I don’t like steroids in sports even though it makes humans do awesome things, things that they couldn’t quite get to before. The deeds themselves aren’t super human but the frequency is, night after night of high stress 100mph fastballs, 70 odd home runs in a season or playing those extra 3 years. I’m only talking about baseball because it doesn’t seem to concern other sports even though without the substances used Football wouldn’t exist as we know it. Every player would be suspended and fined.What I want to talk about here though is incentive to not do the performance enhancers. What would make an athlete stop? In the past year we saw Manny Ramirez take the fall and get suspended 50 games that didn’t hurt his team. Why Manny? Who did he forget to pay off? Anyway, he lost playing time, he lost opportunities to set records and to make money and his name will forever be linked to roids and this era of not money ball but juice ball. (Should a General Manager be hailed as making due with no payroll when his stars Jason Giambi and Miguel Tejada have both admitted to or are heavily linked to steroids?)

The point I wanted to get to is the cost for being caught should be heavier and matter in a real way to teams. They say hit ‘em where it hurts in the pocket but I would say these guys know that they will make more money and eventually get a bigger contract. I propose that a player who gets caught should be banned from the play offs. This would show fans a player’s true colors and ultimately an owner’s as well. People would get to see if the owner wants to win or just have a star who can sell regular season tickets. It would also add some vinegar to a player like Andy Pettite who claimed he was just trying to heal faster to help his team. It’s a lame excuse anyway because aren’t all athletes competitive by nature? (excluding Ricky Williams who just wants to work a Radio Shack and get high with Lenny Kravitz but that’s football) It’s as lame as David Ortiz claiming he didn’t know why he tested positive a few years ago. The incentive not to cheat has to be stronger than the reward of cheating. Maybe a player should be liable for breach of contract if they test positive and be responsible for paying back everything over the league minimum. This may not change a thing of course because the Player’s Association will find some way of canonizing every player who tests positive for HGH, testosterone, estrogen, or whatever it is they look for; I don’t have to be an expert in this field because I’m not getting paid for it.
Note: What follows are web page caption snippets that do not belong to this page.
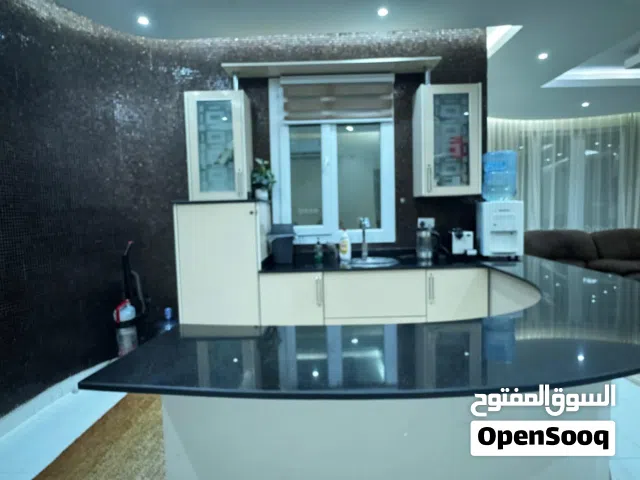 للبيع فلا مستقل كبير جدا طابقين ونص تتكون من طابق الأرضي 3 صالات مفتوحه غرفتان ومطبخ خارجي كبير مخزن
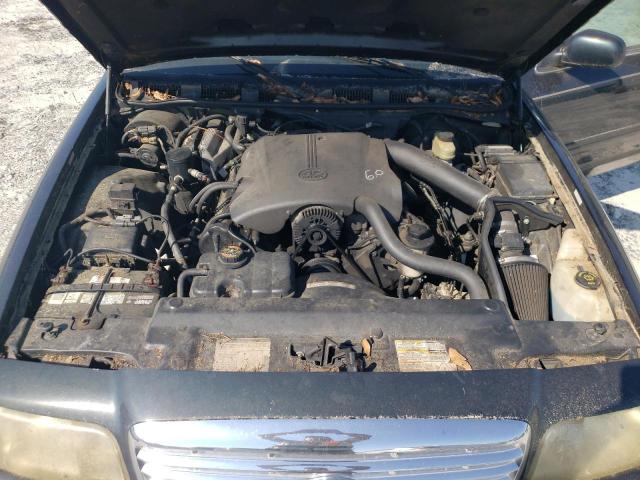 Photo 11 from auction – 1999 FORD CROWN VICT with VIN 2FAFP74W5XX211645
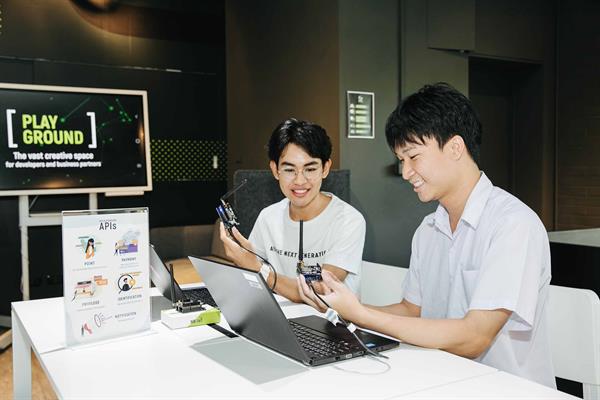 AIS เดินเครื่อง ผู้นำขับเคลื่อนนวัตกรรมสู่ภูมิภาค ผนึก ม.เชียงใหม่เปิด AIS Playground ผลักดันดิจิทัลครีเอเตอร์สายพันธุ์เทคฯ แห่งแรกของภาคเหนือ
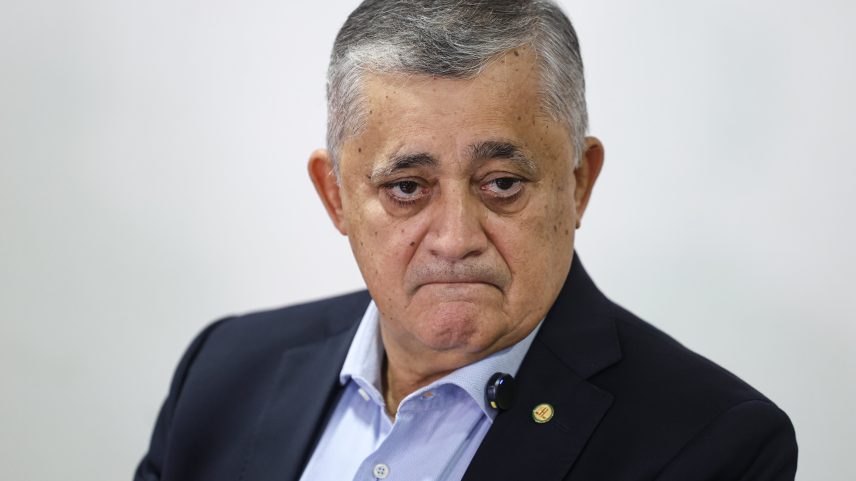 Guimarães reforça autonomia da PF e diz que apuração seguirá doa a quem doer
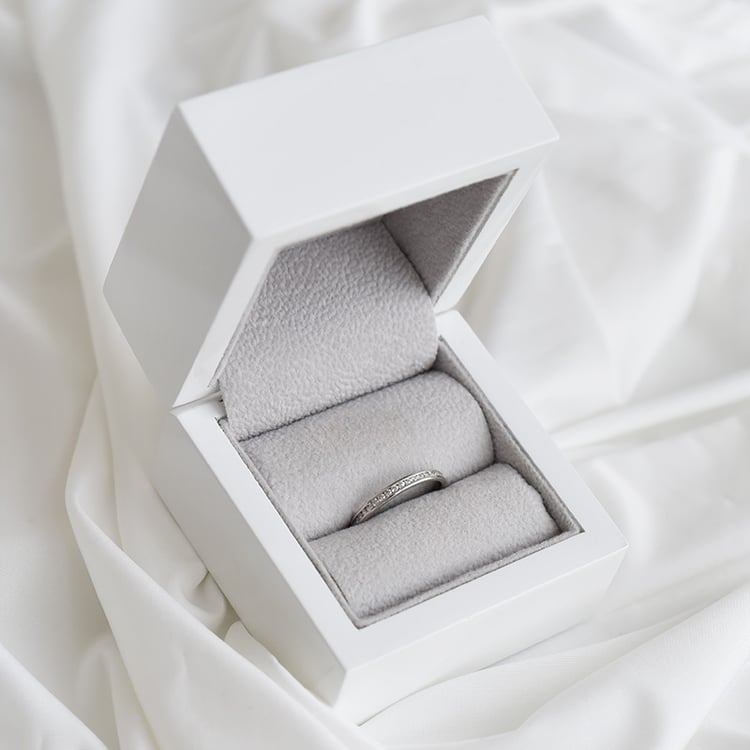 Glänzender Eternity-Ring mit Diamanten Rosie 92578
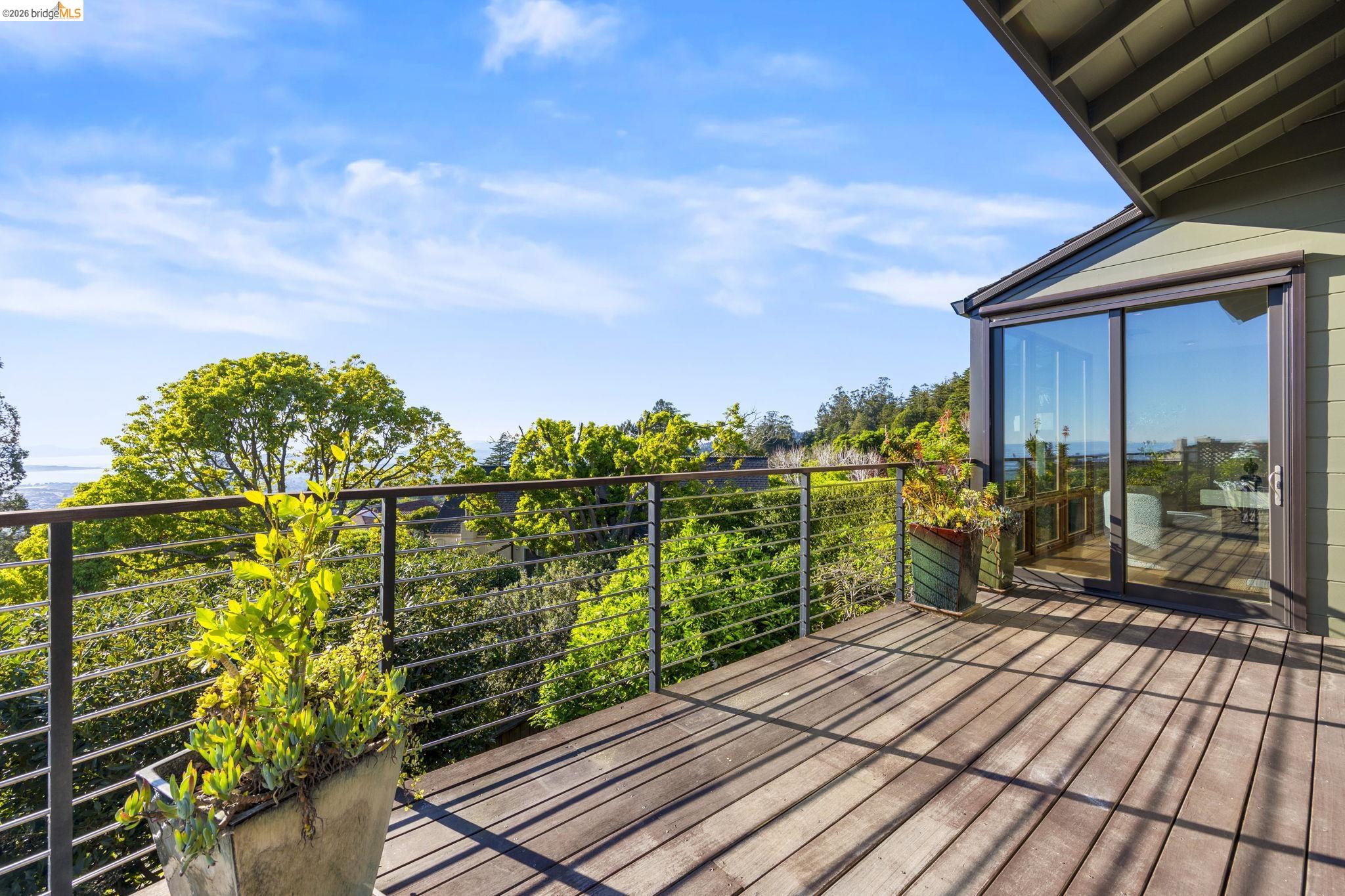 470 Spruce Street Berkeley, CA 94708 - Photo 18 of 59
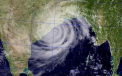 Alerta de cod rosu. Ciclonul Phailin a atins coasta de est a Indiei: 500.000 de evacuati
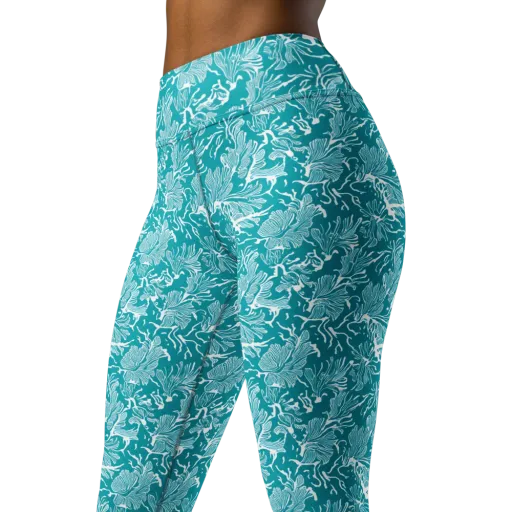 Tidal Botanica on a Yoga Leggings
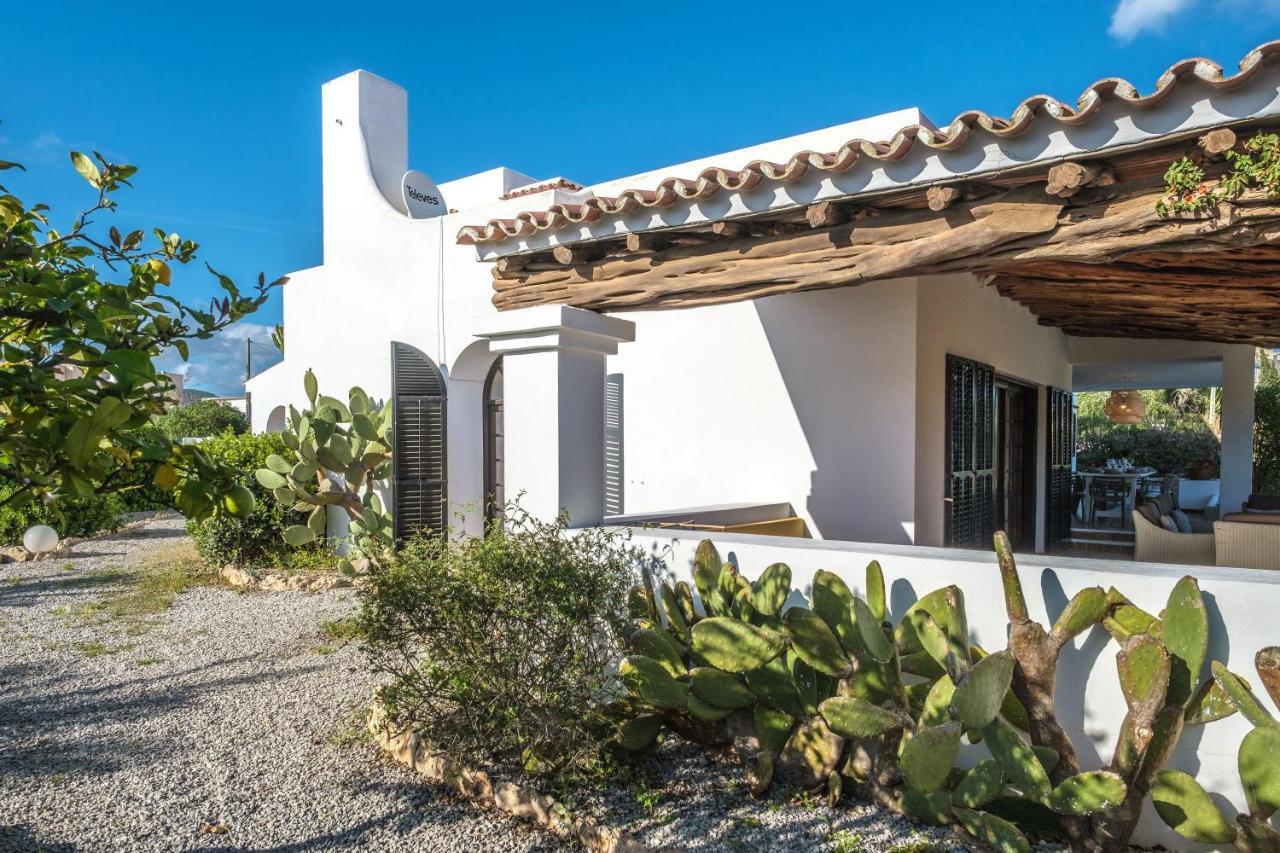 Casa Mamita Ibiza Villa Sant Jordi de ses Salines Exterior photo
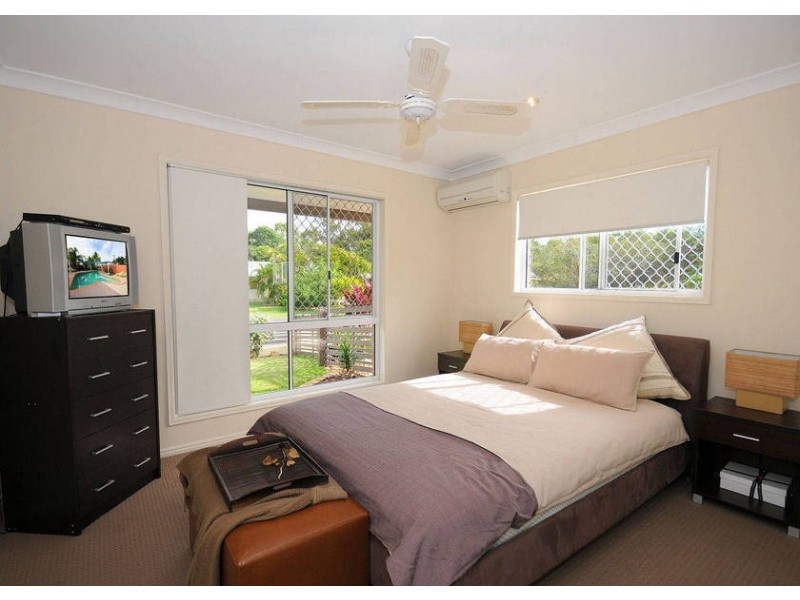 28 Fairway Drive, Urraween QLD 4655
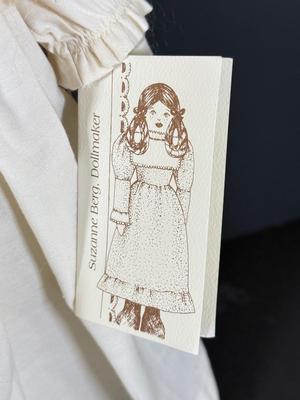 LOT 123D: Suzanne Berg Fabric Dolls
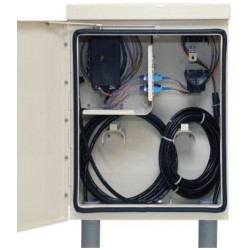 Corning Cable Systems Wireless Consolidation Terminal (WCT) allows wireless backhaul providers to easily manage fiber drops to base station equipment at thecell site. The robust metal design provides exceptional protection from weather. It is lightweight, lockable, shotgun resistant, and has been tested to Telcordia GR-2898 specifications for fiber demarcation boxes.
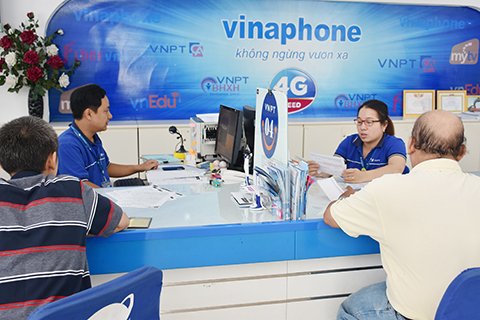 Nhân viên Trung tâm Kinh doanh VNPT - Khánh Hòa hỗ trợ khách hàng đăng ký các dịch vụ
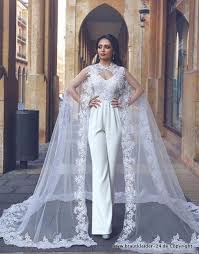 Kontrastfarbene kapuze, reißverschluss und eingrifftasche. Standesamt Mode 2021 Kleider Fur Den Standesamt Gunstig Online Kaufen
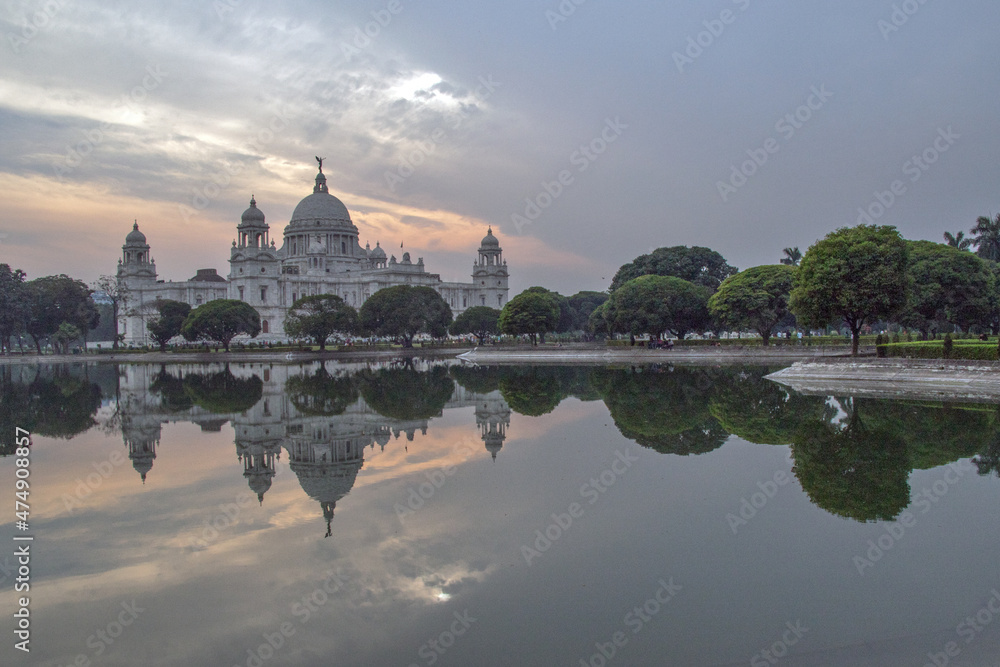 Obraz premium The Victoria Memorial is one of the most popular tourist destinations in Kolkata. Reflection is seen in the pond water in the garden area inside the Victoria Memorial.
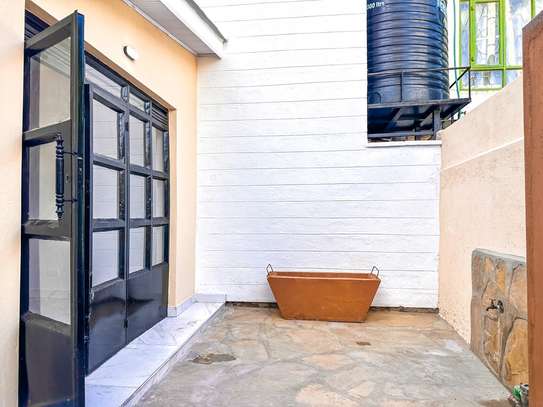4 Bed Townhouse with En Suite at Mukenya Court image 2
I don’t know if athletes can see what can happen to them outside the game either, look at Ken Caminiti, dead at 41. This was an athlete, an MVP baseball player not your fat, lazy dad who drinks beer and lard all night long. Maybe the solution is to have the game played by robots.

RIP Ken

1 comment:

  1. "What? Oh no, I love football. I'm gonna play. I love football."....After that, it'll be back to the mountains in India or Radio Shack for a Part Time Sales position and gettin' high.